In a letter dated June 13, the Office of Personnel Management (OPM) notified federal employers that beginning in 2015, it will no longer require federally-subsidized health insurance policies to exclude “services, drugs, or supplies related to sex transformations.”  However, the OPM is not yet mandating that such services be covered.  Federal employers will be allowed to choose whether or not to offer the coverage, but must notify the OPM in writing of their decision by June 30.

Mara Keisling, executive director for the National Center for Transgender Equality, told the Washington Blade that she was pleased with the decision to lift the ban, but warned that federal employers may face legal action if they fail to extend coverage, despite OPM’s policy allowing them to choose.

“We think they’ll be in violation of the law if they don’t cover it, not because of what OPM did … but because it’s a covered category in job discrimination,” Keisling told the Blade. “Trans people are protected by Title VII. We think it’s illegal sex discrimination if they exclude care for trans people that they allow other people to have.”
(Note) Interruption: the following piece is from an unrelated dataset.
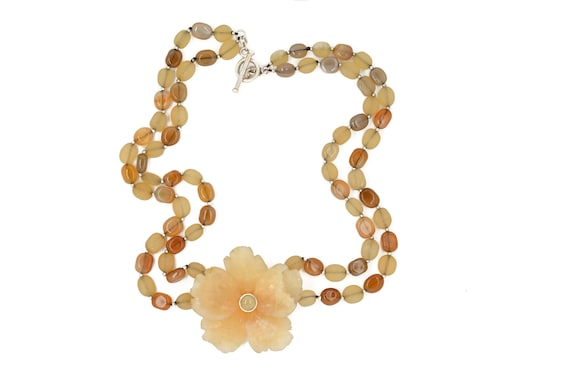 Sterling Silver Carved Agate Flower Necklace, Agate Jewelry, Sterling Agate Necklace, Sterling Gemstone Statement Necklace, Fall Jewelry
Sex-change procedures typically include hormone treatments and extensive plastic surgery, and range in cost from $25,000 to $75,000, according to the Human Rights Campaign, a pro-homosexual and transgender advocacy group.  Previously, all federal funding for the elective procedure was banned on the grounds that the physical risks – including major infection, bleeding, organ damage, and nerve damage – outweighed the perceived benefits.  But Obama administration officials ruled last month that the ban was outdated and “no longer reasonable,” having been enacted in the early 1980s.

“Transsexual surgery is safe and effective and not experimental,” the ruling read.

Although the number of sex-change procedures covered by taxpayers is expected to be relatively small, transgender activists say the real value of the Obama administration’s reversal of the ban is the pressure it puts on state-level and private insurers to follow suit.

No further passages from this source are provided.